(Your objective) It is required that all of the data be written out exactly.

(Dataset records)
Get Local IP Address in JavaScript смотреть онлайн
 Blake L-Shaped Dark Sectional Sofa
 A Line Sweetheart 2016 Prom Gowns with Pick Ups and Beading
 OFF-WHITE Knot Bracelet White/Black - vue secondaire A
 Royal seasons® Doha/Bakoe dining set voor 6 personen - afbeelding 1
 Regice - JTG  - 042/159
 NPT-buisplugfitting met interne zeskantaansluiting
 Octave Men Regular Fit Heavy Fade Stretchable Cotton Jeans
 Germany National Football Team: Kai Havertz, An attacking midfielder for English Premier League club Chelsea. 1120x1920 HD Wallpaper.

(Output for this task)
Get Local IP Address in JavaScript смотреть онлайн
 Blake L-Shaped Dark Sectional Sofa
 A Line Sweetheart 2016 Prom Gowns with Pick Ups and Beading
 OFF-WHITE Knot Bracelet White/Black - vue secondaire A
 Royal seasons® Doha/Bakoe dining set voor 6 personen - afbeelding 1
 Regice - JTG  - 042/159
 NPT-buisplugfitting met interne zeskantaansluiting
 Octave Men Regular Fit Heavy Fade Stretchable Cotton Jeans
 Germany National Football Team: Kai Havertz, An attacking midfielder for English Premier League club Chelsea. 1120x1920 HD Wallpaper.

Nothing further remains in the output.